Whilst we were great at asking demographic, marketing and organising questions,  we struggled to do the deeper work of thinking through together what our theological 'lenses' should be. We engaged in little contextual theology or in challenging unbiblical cultural traits. Instead, we tended to imitate the approach of other larger churches if they increased numbers. I recall planning meetings where issues were raised such as whether we ought to remain a geographically “local” church or evolve into a “regional” church; whether demographic segmentation was appropriate or not; whether we ought to implement a central, top-down management structure or rather decentralise through becoming a more inclusive home group network; whether we ought to organise functionally or organically; or whether the cultural assumptions under-girding suburban Australia ought to be imitated or challenged. 

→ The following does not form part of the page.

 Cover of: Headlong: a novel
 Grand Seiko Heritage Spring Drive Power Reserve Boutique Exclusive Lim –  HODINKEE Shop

The telling thing was not what was decided, but that nothing was decided on most of these questions. These issues were benignly seen as irrelevant to the process of articulating a strong mission statement, core functions, long term goals, growth and so on. Provided we were reaching out and moving off the plateau, bringing people in, then that was more the priority.  

After five years, I had moved into different vocational work, but we remained at the edge of this very large congregation. In the midst of this massive professional effort, we came to miss that sense of localised, permanent, intimate, and messy community. 

Tuesday, June 4, 2024

Snapshot #2 Outside The Square

The East German Fellowship
In the 1970s, when I was in high school, I vividly recall travelling to East Germany (when it was behind the Iron Curtain), with my family and visiting a small evangelical church in the south. A group of twenty or so adults and children gathered in the living room of an older, meagre home. Though my German was poor, it was good enough to follow the service, which was more a gathering of extended family than a public event. The singing was bright and heartfelt; there were tears of devotion in the eyes of some, singing about their Lord. 

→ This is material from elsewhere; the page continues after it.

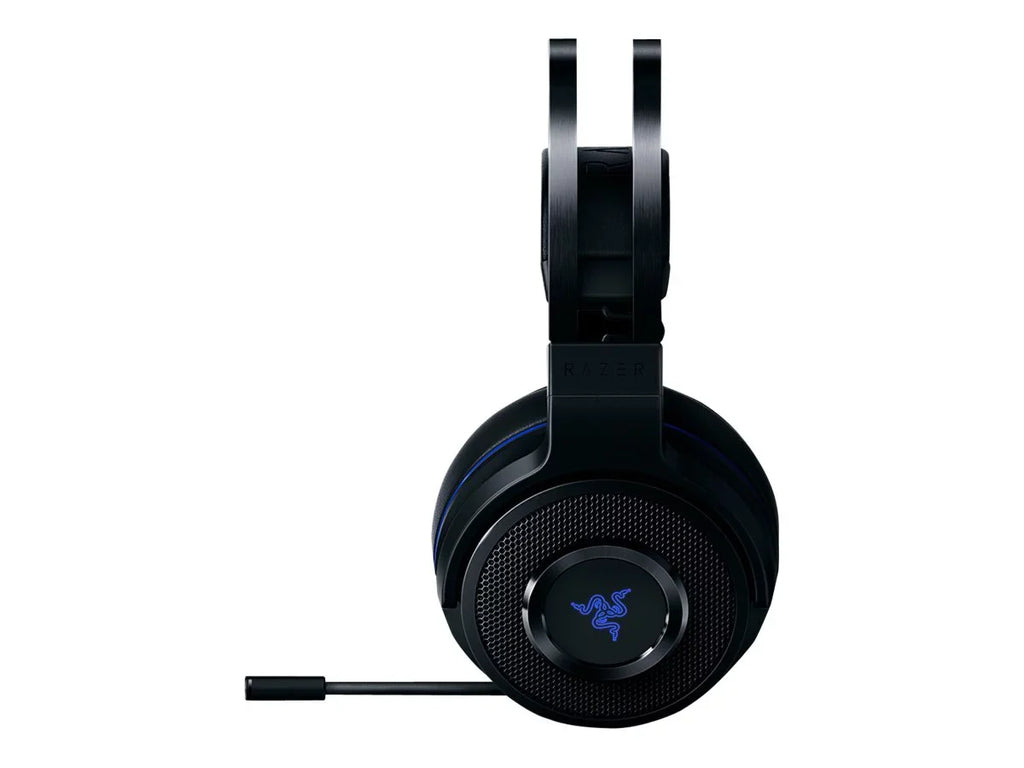 Razer Thresher Ultimate - Headset - 7.1 channel - full size - 2.4 GHz - wireless - noise isolating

The testimonies came thick and fast, and passionate prayers of gratitude for the Lord’s provision were offered. The sermon was grounded in the testimonies, connecting the passage to the congregation’s experiences. The pastor was more like a conductor who unpacked the stories and grounded them in the Scriptures than the 'professional' preacher. “This scripture is just for us for this week!” The prayers were not about security or protection but for courage to live authentically in the face of a truly hostile regime and the powers that supported it. Their clothes were not stylish, the communal meal was plain, but the stories of courage and grace in the midst of difficulty were inspiring. I learnt much later that the high school children present had been denied tertiary enrolment on graduation because of their disavowal of the communist youth league and their profession of faith.

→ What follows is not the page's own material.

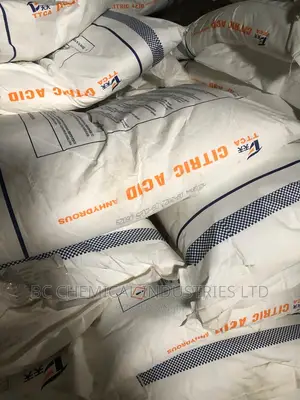 Citric Acid Anhydrous,Ttca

Here was a community of faith whose faithful living marked it out as a joyful and appreciated witness to its locale, and also marked it for vindictive opposition from the State. It thrived in weakness in a way that I have not seen readily in our 'Christian' west. 

A number of years later, after the fall of the Berlin wall, we heard from the pastor’s wife who told us how they had so hoped that the collapse of communism would free the churches there to more powerfully witness. Instead, it had the opposite effect. Everywhere the churches were emptying as people pursued the lure of western materialism. Western Christians brought  aspirational lifestyles and conformity to consumeristic values. The young people were no longer discipled to carry their cross. Spiritual entertainment was, she felt, becoming endemic.

As I reflect on this story, I am reminded of a comment by Os Guinness, at a conference some time ago, to the effect that, wherever Western modernity takes hold, it undermines the integrity of the local church. How ironic it is that the non-western church, weak and marginalised, with few of the accoutrements of the western churches, knows little of the lassitude which besets us.